Et bien, évidemment, au lieu d’aller jusqu’au bout du raisonnement,
c'est-à-dire, de compenser le manque à gagner par une hausse proportionnelle de
la redevance, qu’est ce qu’on a fait ? Je vous le donne en mille ! on
a instauré une nouvelle taxe !
A l’époque mon opinion sur cette réforme typiquement sarkozienne était déjà
sévère :
« Cette réforme est l’exemple parfait de ce qu’il ne faut pas faire ! On lance un projet sans réflexion préalable, on le justifie comme étant la condition sine qua non à une télévision publique de qualité et on commence par amputer celle-ci d’une partie de son financement, on ne se pose qu’ensuite la question de savoir par quoi la remplacer et on ne trouve rien de mieux que de taxer des Sociétés privées de manière tout à fait arbitraire, le tout avant même d’avoir défini ce qu’on entend par « télévision de qualité » et avant d’avoir spécifié les nouveaux objectifs qui devront être fixés à l’audiovisuel public ! »
Je pensais avoir tout dis mais c’était sans compter sur l'incroyable talent de notre gouvernement pour nous surprendre !
En effet, 2 ans plus tard, qu’elle est donc la situation ?
On s’aperçoit d’abord, qu’après 20 heures, la publicité a effectivement
disparue mais qu’elle a été en grande partie remplacée par …le parrainage
!
La publicité est morte, vive le parrainage !!!...si ce n’est pas une grosse
hypocrisie, mais qu’est-ce donc ? je vous le demande ?
Mais ce n’est pas tout, la publicité stricto sensu n’est supprimée qu’à
partir de 20 heures et devait défunter complètement à partir de Novembre 2011,
or voilà qu’on
nous annonce qu’en fin de compte, on va attendre un peu pour la liquider
!
Plus précisément, on va attendre 2 ans à partir de sa date théorique de
liquidation pour…. aviser : « Après on verra » nous dit Frédéric
Mitterrand !
Ce qui nous met donc en ….2014, au mieux !...autant dire que la publicité
sur les télévisions publiques a encore de beaux jours devant elle !

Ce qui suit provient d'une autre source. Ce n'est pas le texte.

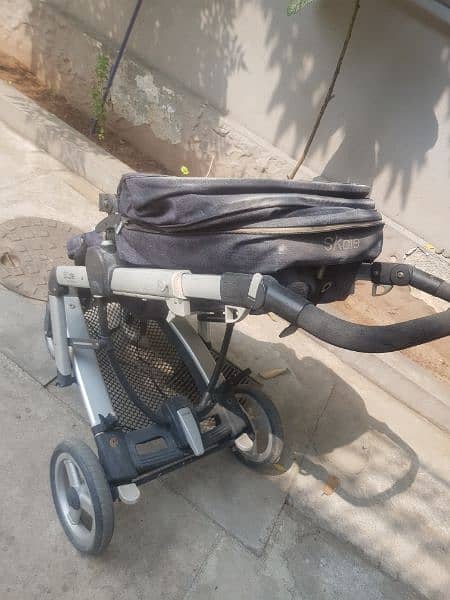 imported baby pram, made in Italy 9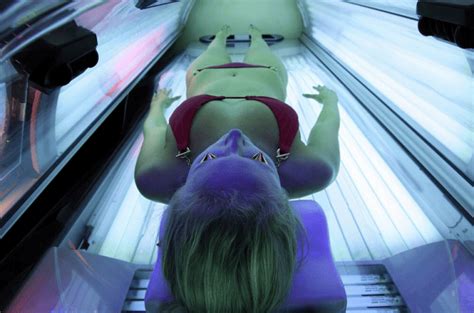 Surgeon General Issues Warnings About Skin Cancer Tanning Beds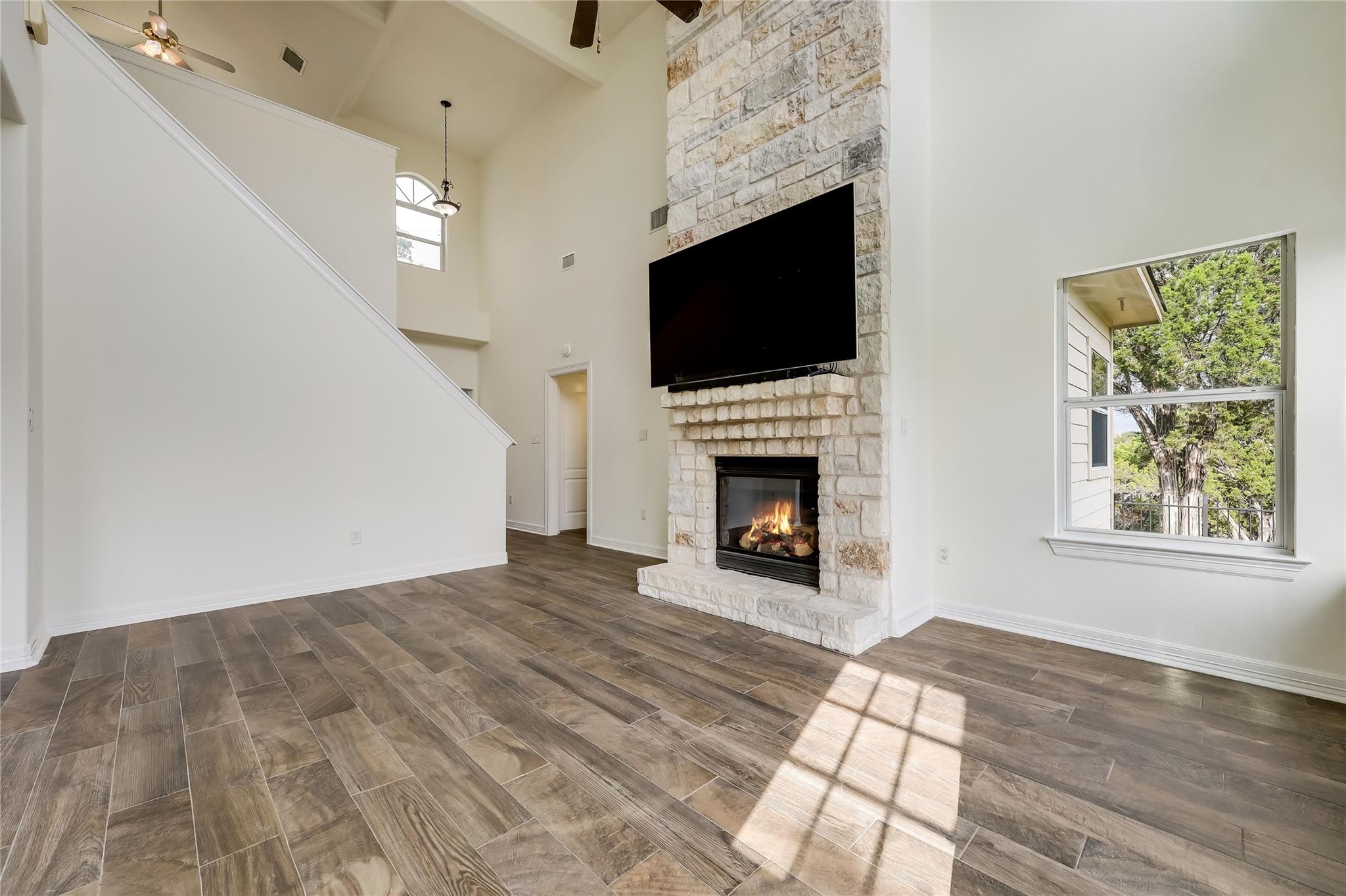 21825 Surrey Ln, Lago Vista, TX 78645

Etonnamment, Sarkozy qui n’aurait laissé à personne le soin d’annoncer cette
réforme, s’est bien gardé de communiquer lui-même sur ce fâcheux contretemps
!
Que cette réforme parte en eau de boudin ne me dérange pas franchement, au
contraire, car le moins que l’on puisse dire, c’est que les motivations, les
raisons de cette réforme n’ont jamais été extrêmement claires !
Il y a 2 ans j’écrivais :
« Sans même indiquer en quoi la télévision sans pub sera différente
de la télévision avec pub, et sans savoir par quoi remplacer ces recettes, on
annonce que l’on va se priver de plus de 800 millions (même si un étonnant
retour arrière semble avoir été fait pour ne plus avoir besoin que de 470
millions).
800 millions d’euros ça ne se trouve pas sous les sabots d’un cheval et
par les temps qui courent alors que les caisses sont vides (sic Nicolas
Sarkozy) et que les prélèvements obligatoires sont trop importants (sic Nicolas
Sarkozy) je ne suis pas certain qu’il soit heureux de priver la télévision
publique d’une telle manne financière ! »
Qu’avec 2 ans de retard, le gouvernement prenne conscience de ce qui était
déjà une évidence il y a 2 ans, c’est mieux que rien, comme dit la locution
latine « errare humanum est perseverare diabolicum » !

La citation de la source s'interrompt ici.